Trump and Biden Campaign Trade Jabs Over North Korea’s Remarks

HOUSTON — President Trump sided again on Tuesday with the North Korean leader Kim Jong-un in mocking Joseph R. Biden Jr.’s intelligence, an extraordinary alignment of a United States president and an authoritarian dictator against an American politician — and an insult that Mr. Biden pooh-poohed by letting an aide rebut it.

During his visit to Japan last weekend, Mr. Trump wrote on Twitter that he had “smiled” when Mr. Kim described Mr. Biden recently as a “fool of low I.Q.” The White House spokeswoman, Sarah Huckabee Sanders, also said that Mr. Trump and Mr. Kim “agree in their assessment” of Mr. Biden. American leaders have traditionally avoided partisan sniping while outside of the country.

Mr. Biden, who is running for the 2020 Democratic presidential nomination, did not respond to Mr. Trump’s remarks during his one public event on Tuesday, an education speech in Houston, or in response to reporters calling out questions afterward. At a fund-raiser in Houston Tuesday evening, Mr. Biden sought to stay above the fray, reaching for a line he has used to dismiss Mr. Trump in the past.

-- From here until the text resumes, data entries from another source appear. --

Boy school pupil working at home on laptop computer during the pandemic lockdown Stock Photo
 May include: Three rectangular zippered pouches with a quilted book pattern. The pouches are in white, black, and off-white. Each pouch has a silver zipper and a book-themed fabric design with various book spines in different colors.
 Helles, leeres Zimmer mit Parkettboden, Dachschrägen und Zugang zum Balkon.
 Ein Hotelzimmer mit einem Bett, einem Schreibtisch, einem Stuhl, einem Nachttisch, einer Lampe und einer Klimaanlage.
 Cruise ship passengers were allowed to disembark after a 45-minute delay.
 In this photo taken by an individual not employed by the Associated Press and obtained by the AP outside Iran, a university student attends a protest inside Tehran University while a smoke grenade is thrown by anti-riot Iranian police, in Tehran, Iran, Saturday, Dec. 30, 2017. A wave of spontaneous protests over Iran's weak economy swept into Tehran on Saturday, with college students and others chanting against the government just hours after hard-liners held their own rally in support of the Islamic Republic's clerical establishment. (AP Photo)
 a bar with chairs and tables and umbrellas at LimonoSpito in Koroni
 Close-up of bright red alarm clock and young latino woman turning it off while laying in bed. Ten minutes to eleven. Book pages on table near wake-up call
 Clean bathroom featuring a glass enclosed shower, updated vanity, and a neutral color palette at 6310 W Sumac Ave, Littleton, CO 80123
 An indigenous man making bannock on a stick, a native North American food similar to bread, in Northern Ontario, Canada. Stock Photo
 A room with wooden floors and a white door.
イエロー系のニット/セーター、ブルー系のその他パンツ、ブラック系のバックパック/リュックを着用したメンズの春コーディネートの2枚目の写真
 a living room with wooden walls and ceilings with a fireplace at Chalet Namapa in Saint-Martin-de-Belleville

“I’m not going to get down in the mudwrestling with this fella,” Mr. Biden said. “I’m not going to do it. I don’t want to get into it. Everybody already knows who he is.”

Earlier in the day, Kate Bedingfield, a deputy campaign manager for Mr. Biden, issued a statement calling Mr. Trump’s remarks “beneath the dignity of the office.”

“To be on foreign soil, on Memorial Day, and to side repeatedly with a murderous dictator against a fellow American and former vice president speaks for itself,” Ms. Bedingfield said.

After her statement was released, Mr. Trump wrote on Twitter that he was “actually sticking up” for Mr. Biden by calling him “a low I.Q. individual,” reiterating the insult while suggesting that his phrasing was softer than Mr. Kim’s.

Another 2020 Democrat, Senator Kamala Harris of California, sharply criticized Mr. Trump for attacking “the previous vice president of the United States” while in another country.

“It is wrong, it is contrary to our values, and it is contrary to the best interests of our country,” Ms. Harris said during a town hall forum on MSNBC Tuesday night. “He should not have done it, he is irresponsible,” she added, calling his remarks one of many “examples of why he should not be president of the United States.”

Mr. Biden, in his remarks in Houston, did needle Mr. Trump for saying last week that the former vice president had “deserted” Pennsylvania by moving to Delaware decades ago.

“We moved from Scranton, I was 10, the president saying I abandoned it, to find work,” Mr. Biden said. “I was in third grade.”

Mr. Trump narrowly carried Pennsylvania in 2016, and Mr. Biden and other Democrats are determined to win back the state in 2020.